If reading this site and enduring the onslaught of content theft, plagiarism and scraping is making you think about packing up and shutting down your site, you might want to think again.
These days, even death does not put an end to content theft. It merely opens up new avenues for it.
As a recent article on Blue Hat SEO pointed out, nothing is ever really deleted from the Web.
Caching sites and archives hold on to your content long after the page has been removed and, as the article demonstrates, anything that is available can be scraped.
It is the equivalent of picking a dead man’s pocket, but it is a type of plagiarism that can and does happen. It is also a kind of plagiarism that raises a whole slew of new questions and concerns.
How it is Done
The process for scraping a dead site is surprisingly simple, involving only five steps.
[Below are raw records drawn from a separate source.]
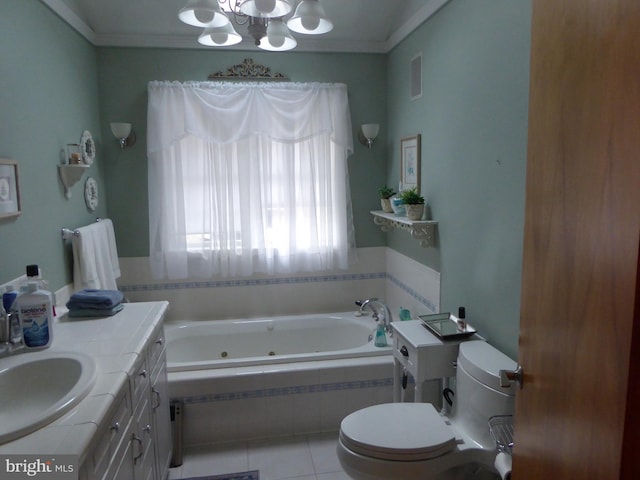 bathroom with vanity, tile patterned flooring, toilet, tiled tub, and a chandelier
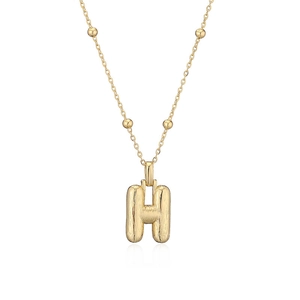 Gros plan du pendentif lettre H doré montrant la texture en métal brossé fin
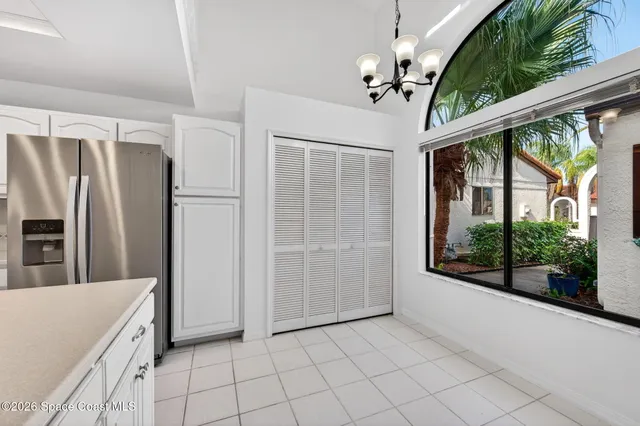 a view of a livingroom with a ceiling fan and window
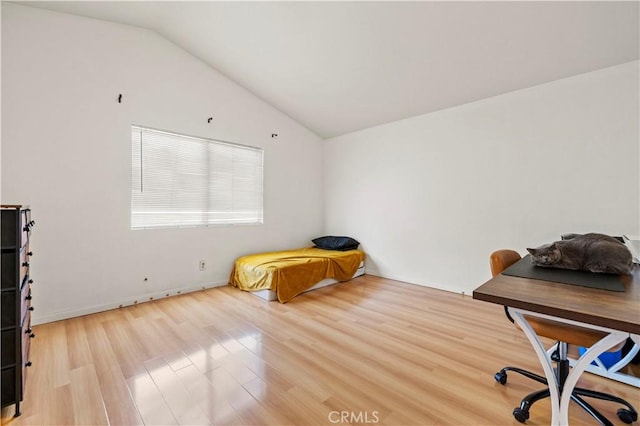 bedroom featuring baseboards, light wood-style flooring, and lofted ceiling
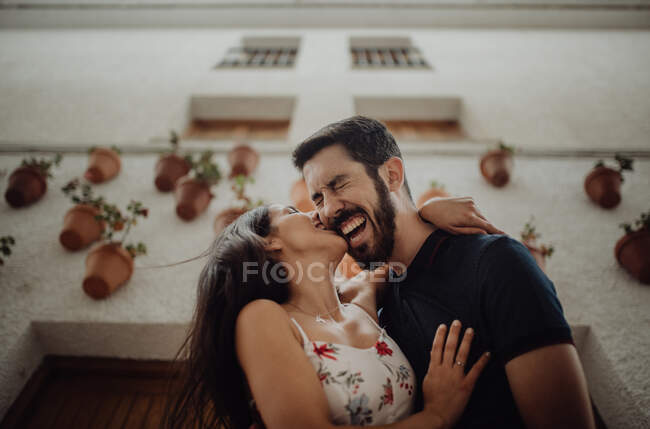 Joyful couple kissing and laughing while standing at street beside building — Stock Photo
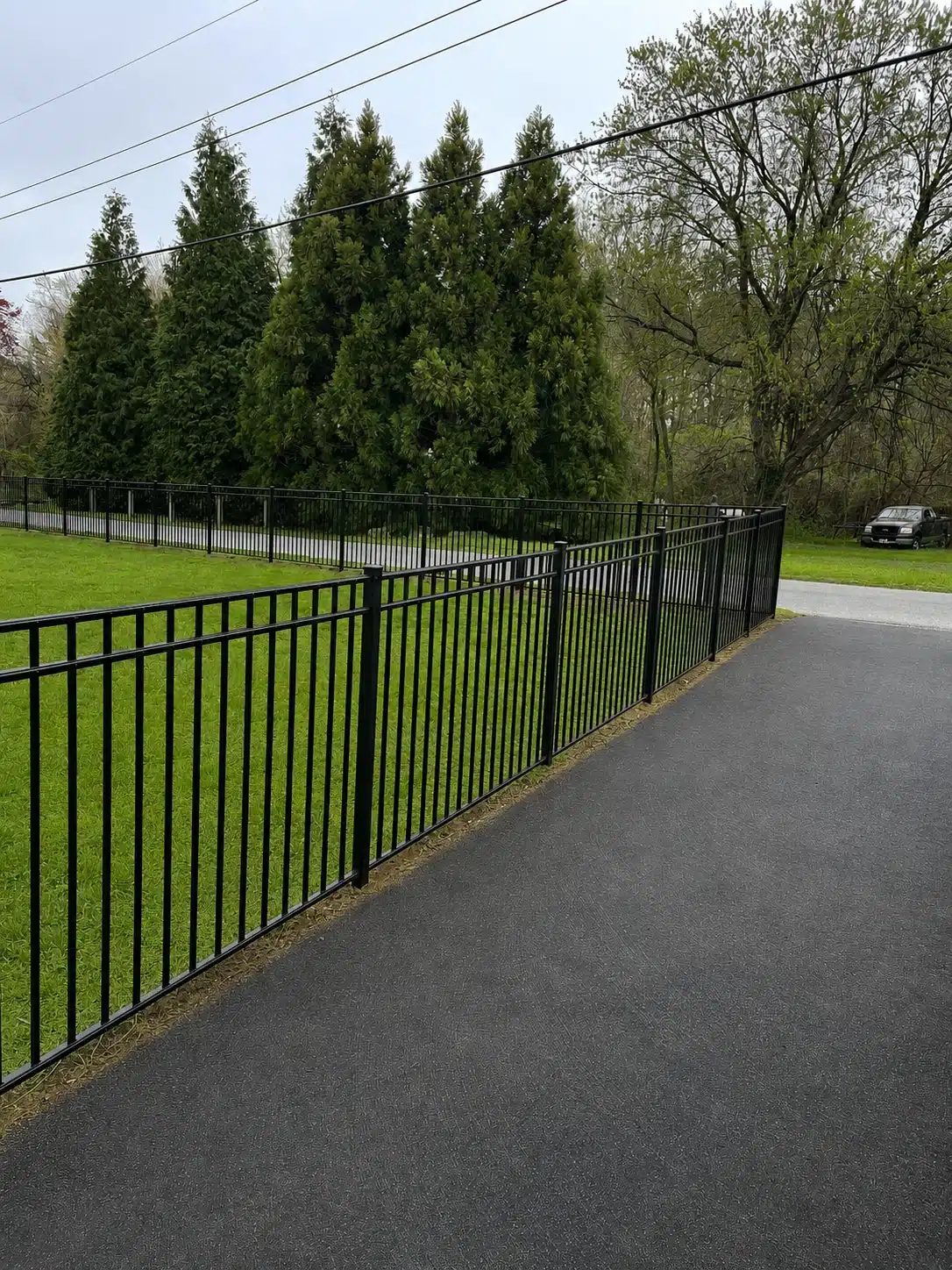 Black two-rail aluminum fence installed beside a residential driveway in Severna Park, Maryland.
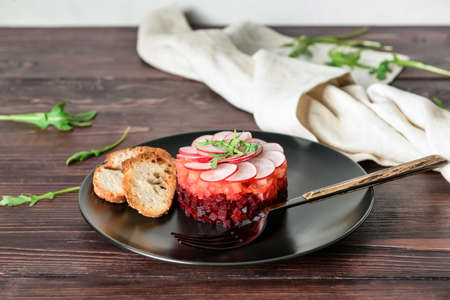 Plate of delicious tartare salad on wooden table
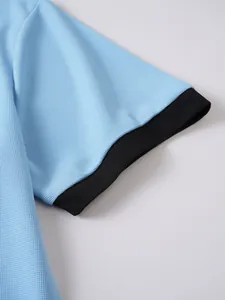 Nahaufnahme von hellblauem Netzgewebe mit einem schwarzen Rippbündchen am Ärmel eines Polohemds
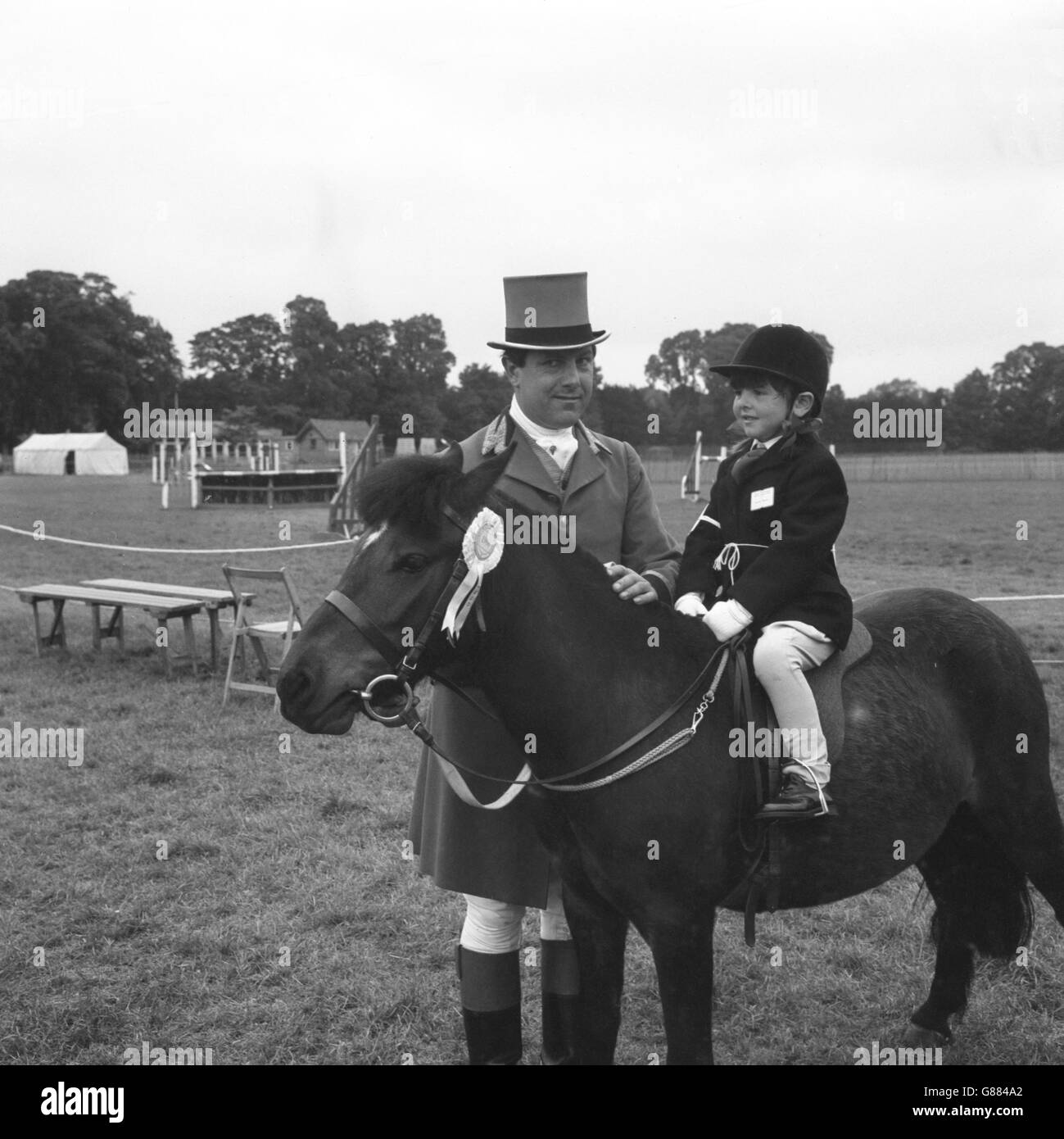 Ron Hill, de Slough, qui a été la garde de bague à la plupart des spectacles de chevaux importants, avec sa fille Jane, qui roule son propre Bambi dans la classe pour les enfants poney dirigeant la rein au Royal Windsor Horse Show. Banque D'Images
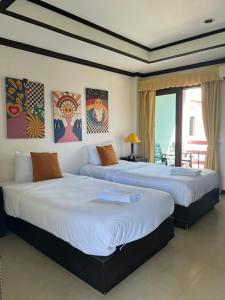 a bedroom with two beds and a balcony at Samui Seabreeze Place in Lamai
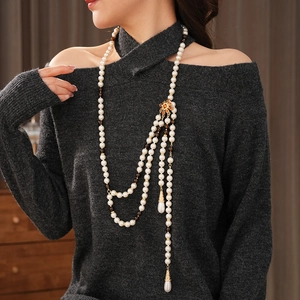 Detail of layered vintage pearl necklace with golden flower clasp and teardrop pendants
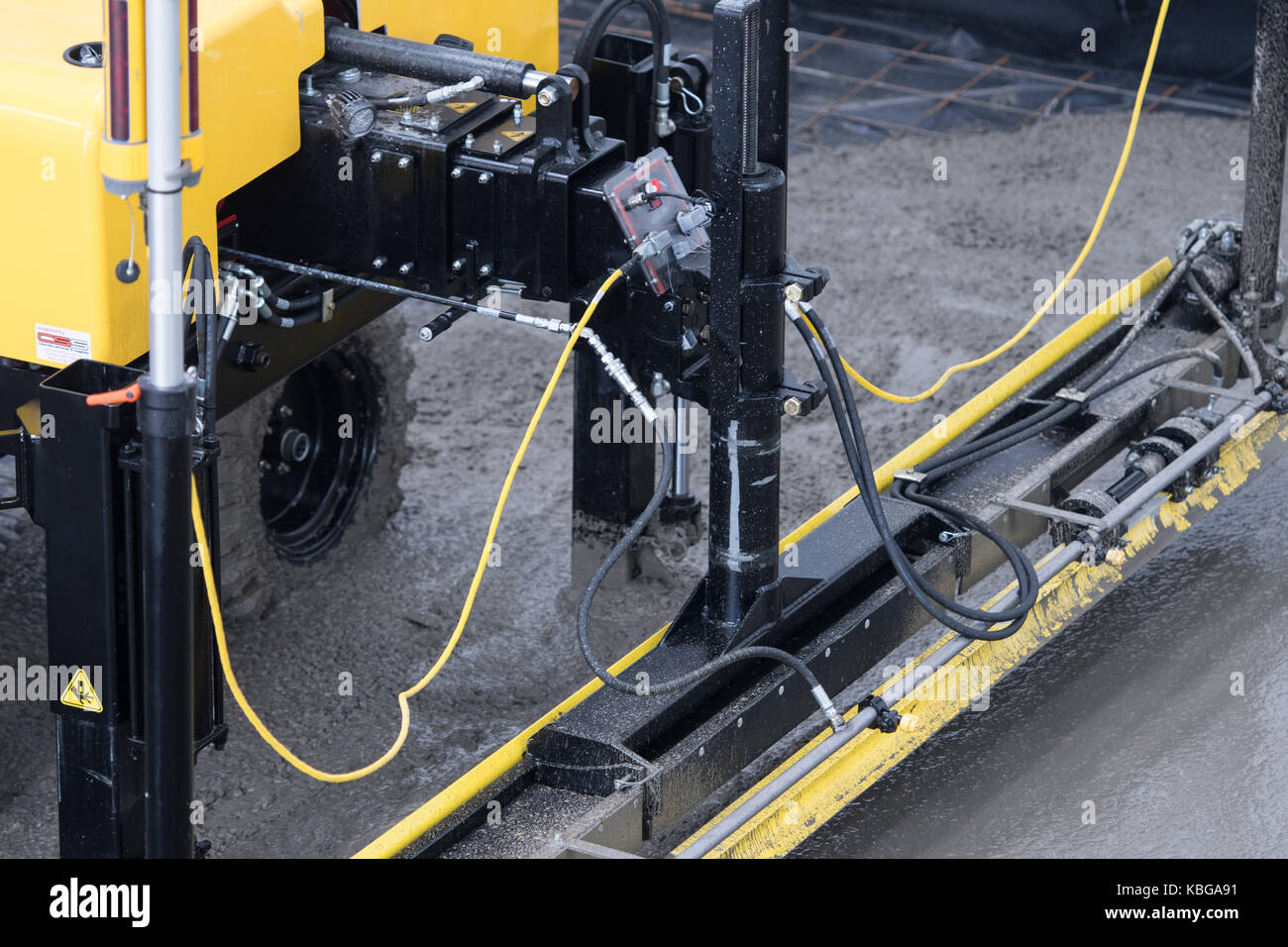 Screed machine used to lay laser level smooth concrete floor Stock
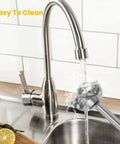 Rechargeable Cordless Immersion Blender With Sweet Egg Whisk Attachment under running water in a sink for easy cleaning.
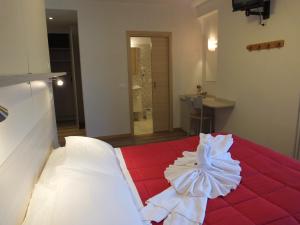 1 dormitorio con 1 cama con manta roja en Hotel alle Rose, en Cavedago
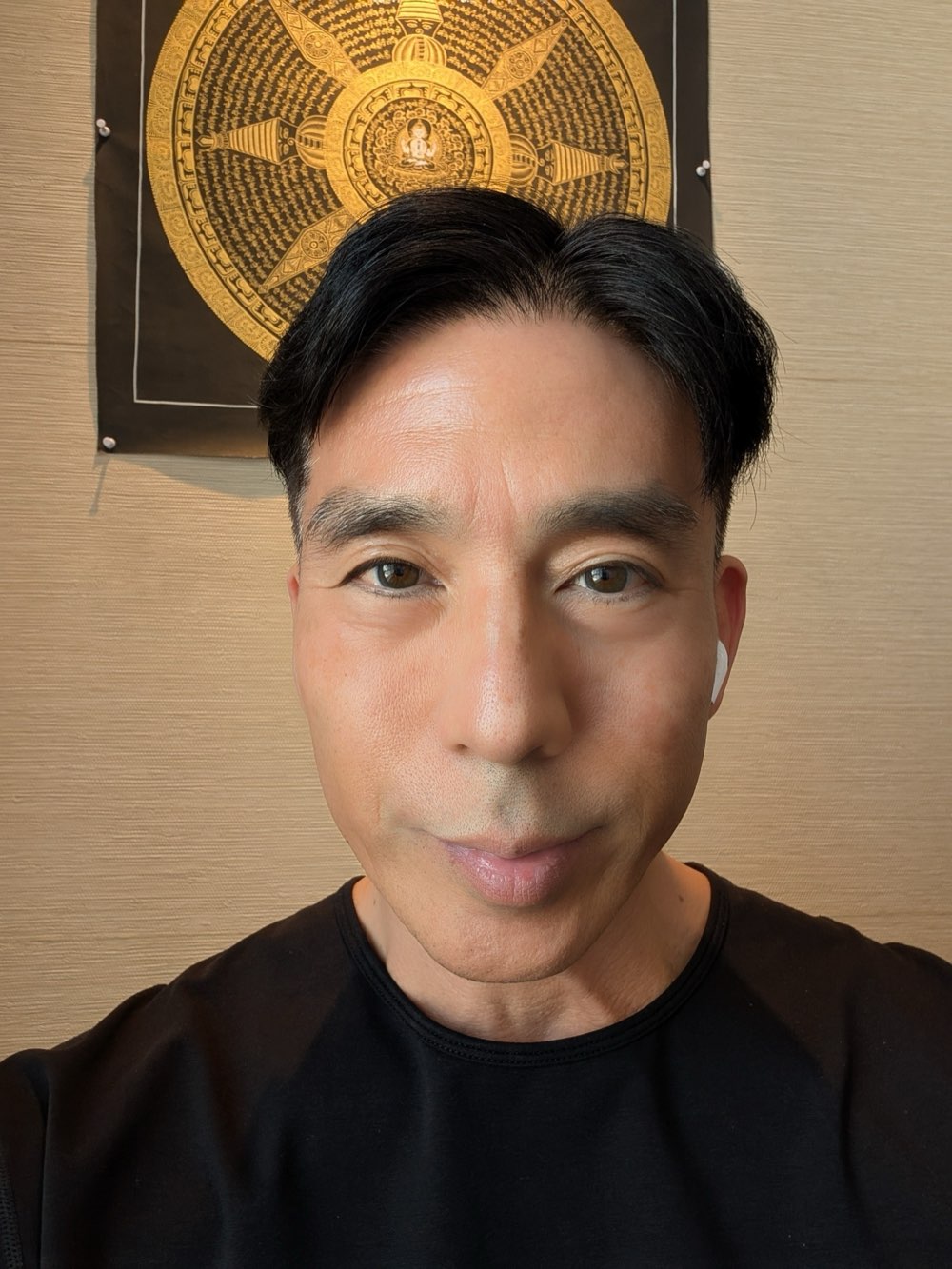 Alex Yamane in front of a golden thangka painting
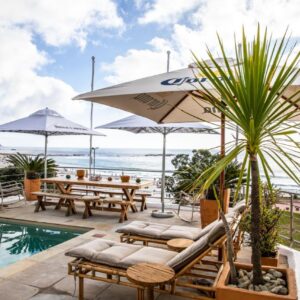 A patio with a table and chairs and a pool at Sea Castle Hotel Camps Bay in Cape Town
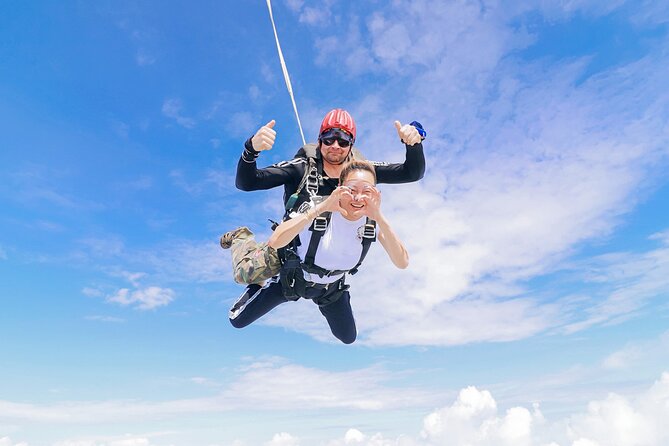 First Jump Tandem Skydive Pattaya Include Pickup Transfer - Parachute Ride and Grass Touchdown: What Happens After the Thrill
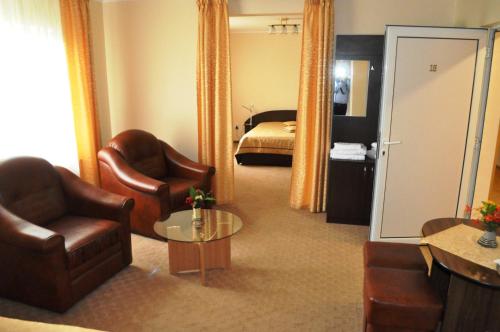 Postel nebo postele na pokoji v ubytování Hotel Andrei
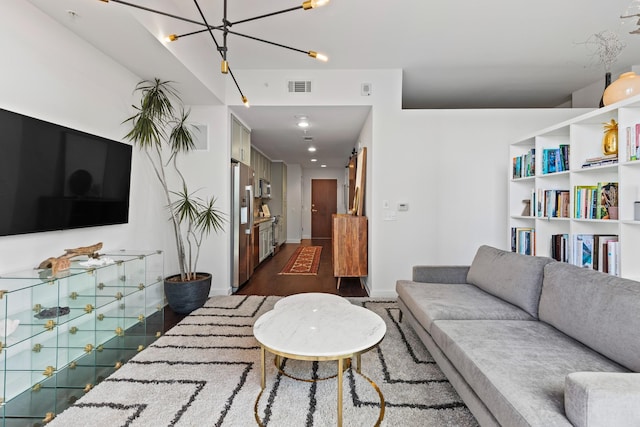 living area featuring dark wood-style flooring, baseboards, and a chandelier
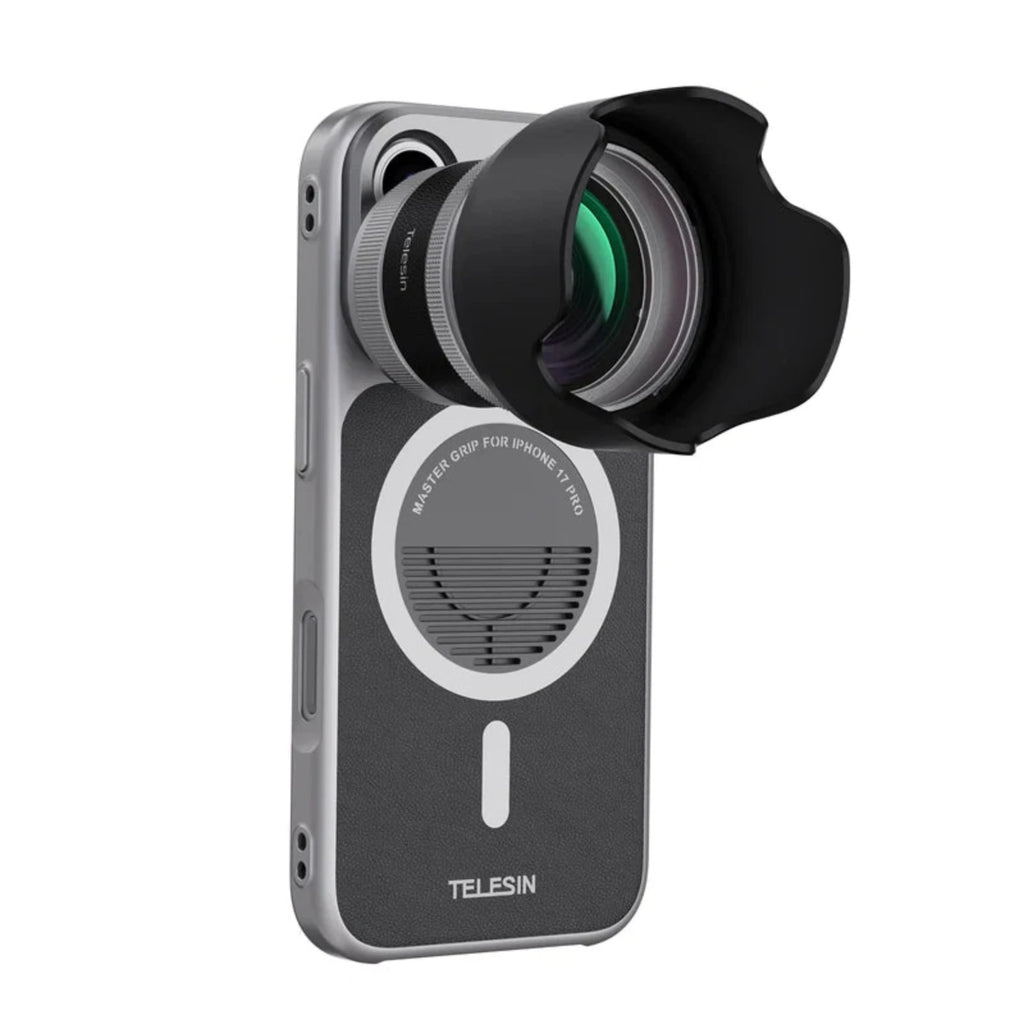 The magnetic lens adapter with hood, mounted to the silver phone case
- Visit an archiving site such as The Internet Archive
- Lookup an old site that you know to be deceased
- Find an old, but still relevant, article
- Check to make sure that the article has not been posted elsewhere
- Copy/paste it onto your site
As the original article points out, there are ways to automate this process, such as using sitemaps, but the process clearly works best by hand. With that in mind, this method is unlikely to be used by professional spam bloggers, who need more content than this method could provide, but could be favored by human-powered spam sites that are trying to appear legit.
To those Webmasters, the unethical ones catering to humans and the search engine bots, this type of content theft can seem like a dream come true, especially when one weighs the advantages that come with it.
The Advantages for Scrapers
When looking at why a scraper or a plagiarist would find this kind of content appealing, consider the following:
- Since the content has been removed from the search engines, there is no possible duplicate content penalty and no original site to compete with in the search engine rankings
- If the original site is shut down, most likely, the people charged with protecting the content are no longer looking for infringements. Thus, the odds of finding legal trouble are slim to none.
- Finally, there is a wealth of dead information out there, ready to be copied. Though the Web is growing, sites are also dying every day, thus ensuring a steady stream flowing into a large, growing pool.
Of course, taking advantage of such a system requires a certain amount of cleverness and work ethic, things that are in short supply for most that would steal content, but if one sees the advantages as outweighing the drawbacks, it would still be an appealing option.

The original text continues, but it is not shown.